On complète comme suit l'article 1388 du code général des impôts :

«La taxe foncière sur les propriétés bâties est établie d'après la valeur locative cadastrale de ces propriétés déterminées conformément aux principes définis par les articles 1494 à 1508 et 1516 à 1518 B et sous déduction de 50 % de son montant en considération des frais de gestion, d'assurances, d'amortissement, d'entretien et de réparation.

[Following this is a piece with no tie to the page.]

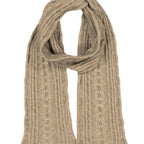 Cable Possum Merino Scarf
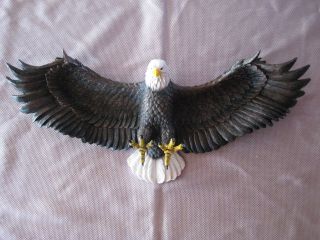 American Bald Eagle Wings Of Glory Large Wall Plaque Sculpture Statue Large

A compter du 1er janvier 2028, la valeur locative cadastrale des propriétés qui n’auront pas fait l’objet de travaux de rénovation énergétiques prévues aux articles L173-1 et L173-2 modifiées, sera majorée de 20% ».

Motifs

Les éléments de définition de la taxe foncière sont déterminés nationalement et de façon pérenne par l’article 1388 du code général des impôts. Les taux de la taxe sont votés par les collectivités territoriales chaque année.

Pour transcrire la volonté des membres, le comité légistique préconise de créer une majoration de l’assiette, afin d’avoir une règle nationale uniforme. Cela peut paraitre contre-intuitif puisque la valeur locative cadastrale va être majorée alors que le bien a en réalité une moindre valeur. Mais cela permet de s’assurer d’une application systématique du « malus ».

Une alternative serait de poser la règle selon laquelle les collectivités doivent voter deux taux différents selon l’état énergétique du bâtiment.

Les membres n’ont pas précisé le taux. Il faudrait qu’il soit suffisamment élevé pour être incitatif de réaliser les travaux, eu égard aux coûts importants de ceux-ci pour une rénovation globale.

La date d’entrée en vigueur proposée est 1er janvier 2028 au plus tôt afin d’être en cohérence avec les délais nécessaires pour les rénovations.